Scientists Fight Friction Down to the Last Atom

MILWAUKEE – In the field of nanotechnology, where devices are one-billionth the size of everyday objects, friction _ the resistant force of two objects rubbing together – is preventing some of these minuscule devices from being reliable enough to enter the commercial market.

Two new studies in the journal Science may get scientists closer to working around the problem of friction. "Nanotechnology is a vast and multidisciplinary area," said Robert Carpick, a physicist at the University of Wisconsin-Madison, "and for certain technologies, friction needs to be overcome."

Researchers in an area called nanotribology study the problem of reducing friction in micro- and nano-scaled electronic devices such as computer chips, microphones and drug-releasing mechanisms. Tribology is the science and technology of friction, lubrication and wear.

The studies outline a new method for reducing friction in micro- and nano-scale devices.

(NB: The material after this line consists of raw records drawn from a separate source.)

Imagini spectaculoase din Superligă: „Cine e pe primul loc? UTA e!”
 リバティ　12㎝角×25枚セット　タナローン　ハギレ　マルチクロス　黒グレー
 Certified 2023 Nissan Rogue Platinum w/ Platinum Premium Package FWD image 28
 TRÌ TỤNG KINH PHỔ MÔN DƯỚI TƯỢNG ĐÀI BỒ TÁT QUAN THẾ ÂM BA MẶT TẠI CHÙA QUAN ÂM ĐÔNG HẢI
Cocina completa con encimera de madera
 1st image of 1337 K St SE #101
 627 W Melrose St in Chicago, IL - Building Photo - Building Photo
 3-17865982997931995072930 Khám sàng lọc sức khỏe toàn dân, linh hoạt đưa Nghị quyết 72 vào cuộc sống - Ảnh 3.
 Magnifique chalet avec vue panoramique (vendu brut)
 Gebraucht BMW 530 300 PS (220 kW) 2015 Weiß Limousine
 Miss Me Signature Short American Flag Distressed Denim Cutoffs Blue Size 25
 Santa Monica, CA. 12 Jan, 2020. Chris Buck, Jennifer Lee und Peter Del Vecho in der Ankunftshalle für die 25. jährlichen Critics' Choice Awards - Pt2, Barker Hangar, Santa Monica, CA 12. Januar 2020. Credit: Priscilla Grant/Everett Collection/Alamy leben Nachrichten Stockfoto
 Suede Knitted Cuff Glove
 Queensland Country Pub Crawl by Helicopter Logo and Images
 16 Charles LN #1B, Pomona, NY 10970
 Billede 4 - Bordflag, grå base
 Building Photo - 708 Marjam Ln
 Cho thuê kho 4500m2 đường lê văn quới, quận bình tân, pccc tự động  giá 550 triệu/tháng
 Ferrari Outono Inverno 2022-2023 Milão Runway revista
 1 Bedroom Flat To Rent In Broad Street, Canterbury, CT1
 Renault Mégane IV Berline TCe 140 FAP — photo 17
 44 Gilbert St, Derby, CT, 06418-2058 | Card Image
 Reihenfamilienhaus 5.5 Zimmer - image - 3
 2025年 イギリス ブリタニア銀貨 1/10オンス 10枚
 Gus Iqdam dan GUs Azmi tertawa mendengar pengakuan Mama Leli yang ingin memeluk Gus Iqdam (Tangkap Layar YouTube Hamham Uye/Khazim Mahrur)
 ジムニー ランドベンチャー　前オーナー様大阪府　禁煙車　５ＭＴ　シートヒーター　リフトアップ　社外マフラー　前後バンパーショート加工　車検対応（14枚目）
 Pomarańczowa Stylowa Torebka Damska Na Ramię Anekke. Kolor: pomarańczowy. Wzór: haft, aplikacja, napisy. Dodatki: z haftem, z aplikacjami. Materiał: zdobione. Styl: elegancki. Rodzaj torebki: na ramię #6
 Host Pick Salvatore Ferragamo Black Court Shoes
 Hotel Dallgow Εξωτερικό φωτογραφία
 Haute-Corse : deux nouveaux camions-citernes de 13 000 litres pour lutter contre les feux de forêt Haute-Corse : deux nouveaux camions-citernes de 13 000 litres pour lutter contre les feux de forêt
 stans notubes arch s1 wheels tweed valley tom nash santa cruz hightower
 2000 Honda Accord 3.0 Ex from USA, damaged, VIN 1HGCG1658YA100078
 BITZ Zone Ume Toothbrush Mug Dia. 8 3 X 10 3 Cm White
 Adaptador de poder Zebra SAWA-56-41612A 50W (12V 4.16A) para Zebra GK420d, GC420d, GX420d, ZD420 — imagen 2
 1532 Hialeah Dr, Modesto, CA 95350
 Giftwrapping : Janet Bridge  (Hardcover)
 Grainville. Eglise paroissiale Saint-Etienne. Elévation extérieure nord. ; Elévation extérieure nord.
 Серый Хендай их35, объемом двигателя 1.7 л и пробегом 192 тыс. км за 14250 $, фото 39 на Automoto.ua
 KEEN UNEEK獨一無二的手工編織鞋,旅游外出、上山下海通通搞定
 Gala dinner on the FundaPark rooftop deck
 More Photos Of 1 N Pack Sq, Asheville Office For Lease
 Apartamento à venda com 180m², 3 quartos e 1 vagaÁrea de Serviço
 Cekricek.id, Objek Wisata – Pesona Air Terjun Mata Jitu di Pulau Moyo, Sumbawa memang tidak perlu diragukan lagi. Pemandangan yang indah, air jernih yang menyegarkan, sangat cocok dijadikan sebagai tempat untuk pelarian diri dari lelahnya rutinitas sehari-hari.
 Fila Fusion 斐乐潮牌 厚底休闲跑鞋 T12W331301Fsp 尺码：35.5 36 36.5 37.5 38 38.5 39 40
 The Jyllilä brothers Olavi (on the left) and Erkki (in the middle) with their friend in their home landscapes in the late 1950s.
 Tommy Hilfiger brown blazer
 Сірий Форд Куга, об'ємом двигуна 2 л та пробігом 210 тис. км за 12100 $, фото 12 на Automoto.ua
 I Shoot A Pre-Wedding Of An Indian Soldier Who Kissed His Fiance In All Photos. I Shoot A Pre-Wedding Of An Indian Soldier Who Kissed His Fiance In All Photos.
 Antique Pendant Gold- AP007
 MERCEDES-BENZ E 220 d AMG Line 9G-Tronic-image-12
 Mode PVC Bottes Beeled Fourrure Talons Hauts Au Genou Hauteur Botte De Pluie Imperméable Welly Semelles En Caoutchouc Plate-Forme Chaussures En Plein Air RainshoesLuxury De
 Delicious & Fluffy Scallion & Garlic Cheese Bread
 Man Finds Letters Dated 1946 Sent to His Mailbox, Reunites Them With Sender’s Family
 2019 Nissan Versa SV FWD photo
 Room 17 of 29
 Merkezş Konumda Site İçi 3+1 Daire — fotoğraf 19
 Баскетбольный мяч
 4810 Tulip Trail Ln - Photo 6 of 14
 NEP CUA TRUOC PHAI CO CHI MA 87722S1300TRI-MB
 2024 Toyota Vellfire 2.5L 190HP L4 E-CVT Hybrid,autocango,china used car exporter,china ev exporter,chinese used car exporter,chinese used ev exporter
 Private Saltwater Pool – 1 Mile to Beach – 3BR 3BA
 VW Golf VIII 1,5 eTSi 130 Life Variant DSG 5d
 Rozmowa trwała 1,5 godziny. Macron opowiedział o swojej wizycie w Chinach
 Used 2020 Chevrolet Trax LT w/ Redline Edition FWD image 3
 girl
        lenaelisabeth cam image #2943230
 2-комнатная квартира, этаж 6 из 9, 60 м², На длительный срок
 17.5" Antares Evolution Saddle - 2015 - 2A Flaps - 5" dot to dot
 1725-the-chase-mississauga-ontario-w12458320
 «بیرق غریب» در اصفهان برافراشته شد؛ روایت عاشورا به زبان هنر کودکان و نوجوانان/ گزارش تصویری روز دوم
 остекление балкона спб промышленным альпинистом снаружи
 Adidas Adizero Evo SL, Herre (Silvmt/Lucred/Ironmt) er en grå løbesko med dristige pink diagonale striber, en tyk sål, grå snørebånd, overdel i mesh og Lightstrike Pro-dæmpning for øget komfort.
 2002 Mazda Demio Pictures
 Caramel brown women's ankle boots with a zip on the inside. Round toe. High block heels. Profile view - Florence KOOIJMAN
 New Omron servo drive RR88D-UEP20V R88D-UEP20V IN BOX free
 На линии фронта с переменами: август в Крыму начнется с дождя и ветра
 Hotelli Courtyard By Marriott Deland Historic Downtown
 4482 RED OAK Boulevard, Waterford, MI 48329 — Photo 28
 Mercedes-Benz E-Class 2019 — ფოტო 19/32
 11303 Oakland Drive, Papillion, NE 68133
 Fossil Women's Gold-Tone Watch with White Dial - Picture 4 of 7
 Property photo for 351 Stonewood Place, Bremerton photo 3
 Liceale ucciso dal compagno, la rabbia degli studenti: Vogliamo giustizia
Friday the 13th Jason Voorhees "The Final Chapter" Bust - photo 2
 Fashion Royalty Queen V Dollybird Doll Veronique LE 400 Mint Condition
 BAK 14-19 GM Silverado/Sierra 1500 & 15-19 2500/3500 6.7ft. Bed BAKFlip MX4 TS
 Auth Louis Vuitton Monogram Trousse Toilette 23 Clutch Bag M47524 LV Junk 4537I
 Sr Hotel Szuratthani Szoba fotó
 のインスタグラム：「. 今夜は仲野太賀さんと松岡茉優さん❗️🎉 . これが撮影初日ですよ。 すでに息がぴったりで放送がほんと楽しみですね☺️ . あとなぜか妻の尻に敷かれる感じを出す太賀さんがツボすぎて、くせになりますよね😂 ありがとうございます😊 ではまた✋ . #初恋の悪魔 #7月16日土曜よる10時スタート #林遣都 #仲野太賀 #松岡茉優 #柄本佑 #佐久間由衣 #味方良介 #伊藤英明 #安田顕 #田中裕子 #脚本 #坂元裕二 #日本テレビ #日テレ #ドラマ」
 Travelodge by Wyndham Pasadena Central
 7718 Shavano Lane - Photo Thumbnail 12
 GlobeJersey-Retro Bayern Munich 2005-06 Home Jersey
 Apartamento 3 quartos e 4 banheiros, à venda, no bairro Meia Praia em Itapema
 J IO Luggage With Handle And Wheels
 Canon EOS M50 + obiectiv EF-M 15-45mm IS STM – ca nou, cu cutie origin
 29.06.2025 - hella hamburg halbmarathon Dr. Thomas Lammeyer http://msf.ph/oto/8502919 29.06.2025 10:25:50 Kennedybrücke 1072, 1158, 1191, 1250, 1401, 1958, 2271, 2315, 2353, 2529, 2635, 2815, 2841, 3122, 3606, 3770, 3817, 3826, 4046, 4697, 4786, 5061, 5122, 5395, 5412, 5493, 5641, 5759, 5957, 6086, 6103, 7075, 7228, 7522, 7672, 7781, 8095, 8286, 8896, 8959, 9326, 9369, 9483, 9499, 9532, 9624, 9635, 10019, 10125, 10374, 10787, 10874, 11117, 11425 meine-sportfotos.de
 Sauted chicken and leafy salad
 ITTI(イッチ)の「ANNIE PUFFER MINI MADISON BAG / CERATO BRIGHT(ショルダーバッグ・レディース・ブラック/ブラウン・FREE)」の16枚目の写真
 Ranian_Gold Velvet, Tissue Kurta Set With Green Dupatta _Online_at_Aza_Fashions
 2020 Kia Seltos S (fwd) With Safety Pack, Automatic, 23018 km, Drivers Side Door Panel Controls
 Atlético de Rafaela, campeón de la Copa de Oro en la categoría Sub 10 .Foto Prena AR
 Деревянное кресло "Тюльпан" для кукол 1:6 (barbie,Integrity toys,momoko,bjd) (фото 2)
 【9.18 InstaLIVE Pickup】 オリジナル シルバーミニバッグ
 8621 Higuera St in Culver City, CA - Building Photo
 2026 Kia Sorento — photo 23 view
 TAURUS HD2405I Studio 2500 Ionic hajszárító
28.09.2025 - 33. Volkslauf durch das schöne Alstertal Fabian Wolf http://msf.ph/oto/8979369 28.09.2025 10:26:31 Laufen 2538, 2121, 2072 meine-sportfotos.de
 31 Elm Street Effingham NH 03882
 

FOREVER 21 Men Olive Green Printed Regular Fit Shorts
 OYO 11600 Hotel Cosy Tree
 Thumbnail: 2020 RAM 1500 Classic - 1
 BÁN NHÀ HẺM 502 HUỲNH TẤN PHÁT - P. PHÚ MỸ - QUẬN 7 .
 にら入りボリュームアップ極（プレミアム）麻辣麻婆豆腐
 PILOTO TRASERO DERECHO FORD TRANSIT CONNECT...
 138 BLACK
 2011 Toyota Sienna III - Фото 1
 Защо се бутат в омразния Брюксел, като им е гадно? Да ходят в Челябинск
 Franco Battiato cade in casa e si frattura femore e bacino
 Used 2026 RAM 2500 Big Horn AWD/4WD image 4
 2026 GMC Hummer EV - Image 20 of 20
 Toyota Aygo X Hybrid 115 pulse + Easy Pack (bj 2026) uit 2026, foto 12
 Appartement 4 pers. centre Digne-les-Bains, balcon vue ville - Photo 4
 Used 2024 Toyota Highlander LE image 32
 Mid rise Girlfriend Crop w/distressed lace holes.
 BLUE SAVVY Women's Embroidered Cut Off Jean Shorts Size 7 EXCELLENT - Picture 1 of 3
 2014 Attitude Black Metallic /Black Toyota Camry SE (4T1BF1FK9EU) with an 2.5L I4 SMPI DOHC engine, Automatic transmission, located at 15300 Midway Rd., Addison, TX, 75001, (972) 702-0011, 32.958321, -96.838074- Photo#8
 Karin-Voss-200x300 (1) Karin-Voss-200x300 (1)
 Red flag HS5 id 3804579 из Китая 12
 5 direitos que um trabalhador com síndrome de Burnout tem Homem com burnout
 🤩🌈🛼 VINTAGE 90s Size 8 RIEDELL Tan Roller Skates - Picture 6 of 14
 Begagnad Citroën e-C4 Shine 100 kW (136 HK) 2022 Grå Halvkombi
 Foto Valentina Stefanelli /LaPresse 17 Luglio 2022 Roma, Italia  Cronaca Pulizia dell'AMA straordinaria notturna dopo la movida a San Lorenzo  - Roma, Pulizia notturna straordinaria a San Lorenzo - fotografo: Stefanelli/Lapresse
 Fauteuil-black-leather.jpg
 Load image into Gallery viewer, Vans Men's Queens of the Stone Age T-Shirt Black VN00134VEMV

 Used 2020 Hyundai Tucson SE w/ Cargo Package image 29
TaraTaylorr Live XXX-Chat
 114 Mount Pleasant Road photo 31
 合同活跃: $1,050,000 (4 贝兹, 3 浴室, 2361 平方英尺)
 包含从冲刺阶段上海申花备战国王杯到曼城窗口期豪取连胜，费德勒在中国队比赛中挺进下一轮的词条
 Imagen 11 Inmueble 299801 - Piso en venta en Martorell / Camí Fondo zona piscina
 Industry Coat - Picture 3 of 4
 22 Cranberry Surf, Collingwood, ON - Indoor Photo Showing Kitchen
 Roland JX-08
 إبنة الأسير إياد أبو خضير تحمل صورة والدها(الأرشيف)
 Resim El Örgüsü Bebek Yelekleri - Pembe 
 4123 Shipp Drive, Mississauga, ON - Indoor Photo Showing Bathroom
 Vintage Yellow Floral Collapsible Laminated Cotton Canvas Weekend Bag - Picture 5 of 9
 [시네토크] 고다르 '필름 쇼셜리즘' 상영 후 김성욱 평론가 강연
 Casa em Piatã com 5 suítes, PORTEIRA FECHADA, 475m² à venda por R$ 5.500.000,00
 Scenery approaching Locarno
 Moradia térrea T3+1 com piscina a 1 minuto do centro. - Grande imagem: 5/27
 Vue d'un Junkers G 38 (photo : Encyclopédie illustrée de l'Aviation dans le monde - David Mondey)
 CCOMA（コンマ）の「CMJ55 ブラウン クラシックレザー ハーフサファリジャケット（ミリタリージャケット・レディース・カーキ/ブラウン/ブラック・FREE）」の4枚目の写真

Both approaches are unique because they physically alter the existing system – the pair of surfaces involved – rather than adding a chemical to act as a lubricant. In the first study, friction was reduced by applying a voltage to the system. One of the surfaces involved was made of silicon. When an electric charge is applied to silicon, the electrons become either excited or subdued, depending on whether the charge is positive or negative.

Friction creates heat, and electrons are involved in the transfer of heat. So by altering the electrons, scientists can increase or decrease the amount of friction, said Miguel Salmeron, physicist at Lawrence Berkeley National Lab and one of the authors of the paper.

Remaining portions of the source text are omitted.